== DATASET ENTRIES ==
--- START ---
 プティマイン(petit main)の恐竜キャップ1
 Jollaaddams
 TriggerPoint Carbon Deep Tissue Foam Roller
--- END ---
--- START ---
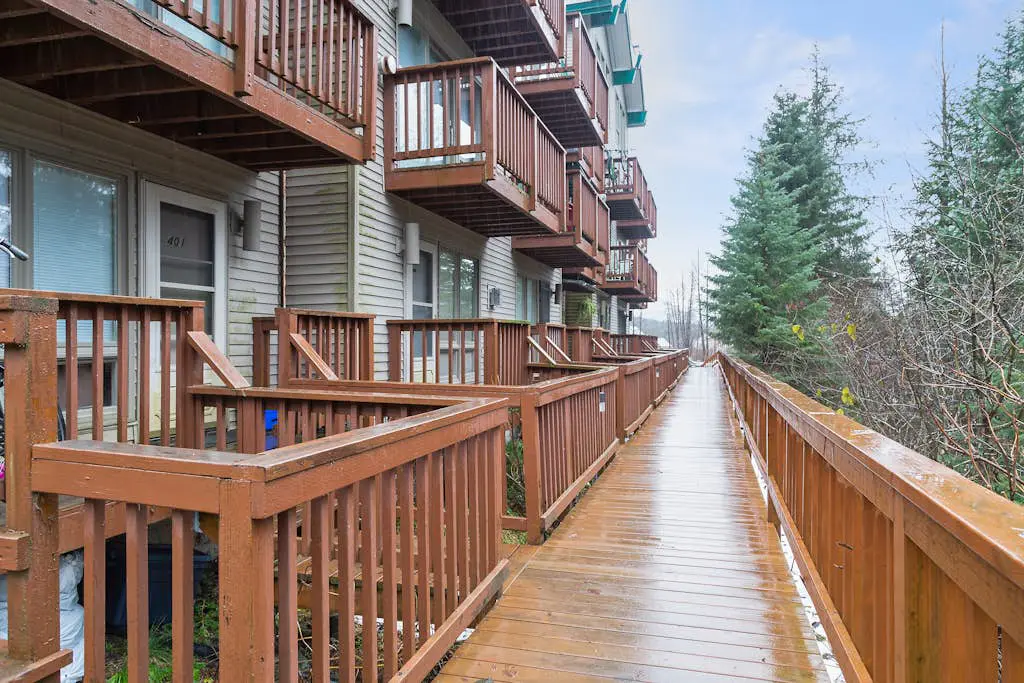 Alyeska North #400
--- END ---
--- START ---
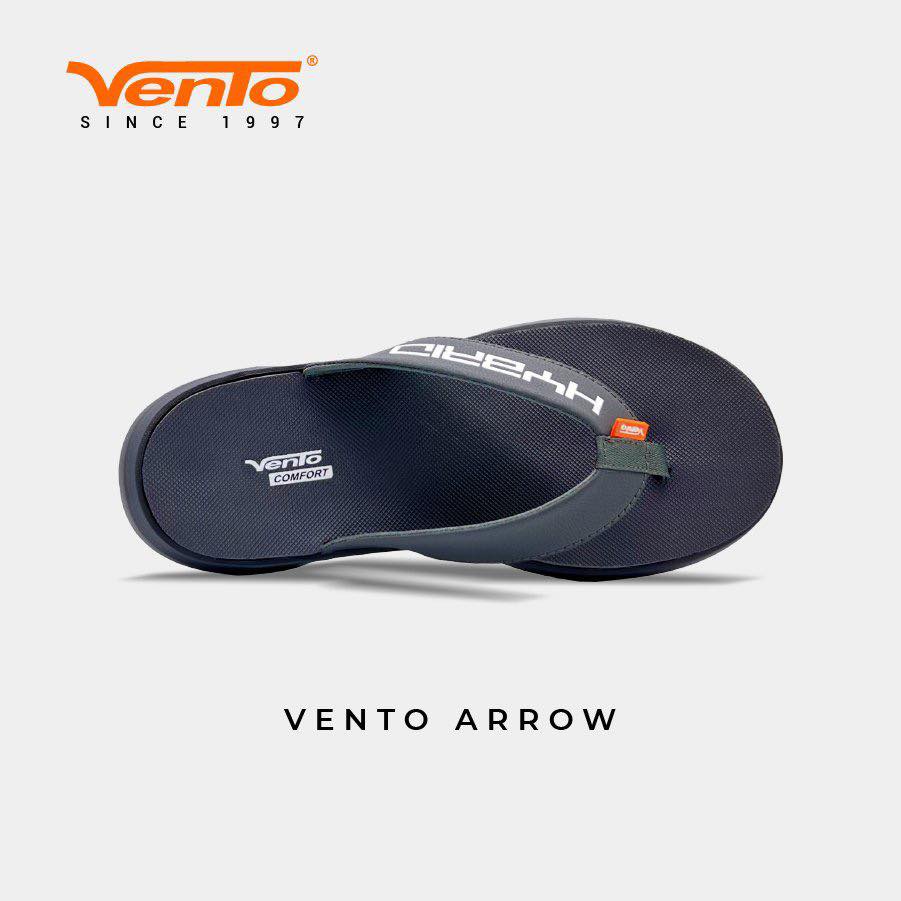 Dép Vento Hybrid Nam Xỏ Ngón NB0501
--- END ---
From the entries above, print the lines beginning at the one with "プティマイン(petit main)の恐竜キャップ1" and stopping after the one with "TriggerPoint Carbon Deep Tissue Foam Roller", exactly as written and with nothing else.

 プティマイン(petit main)の恐竜キャップ1
 Jollaaddams
 TriggerPoint Carbon Deep Tissue Foam Roller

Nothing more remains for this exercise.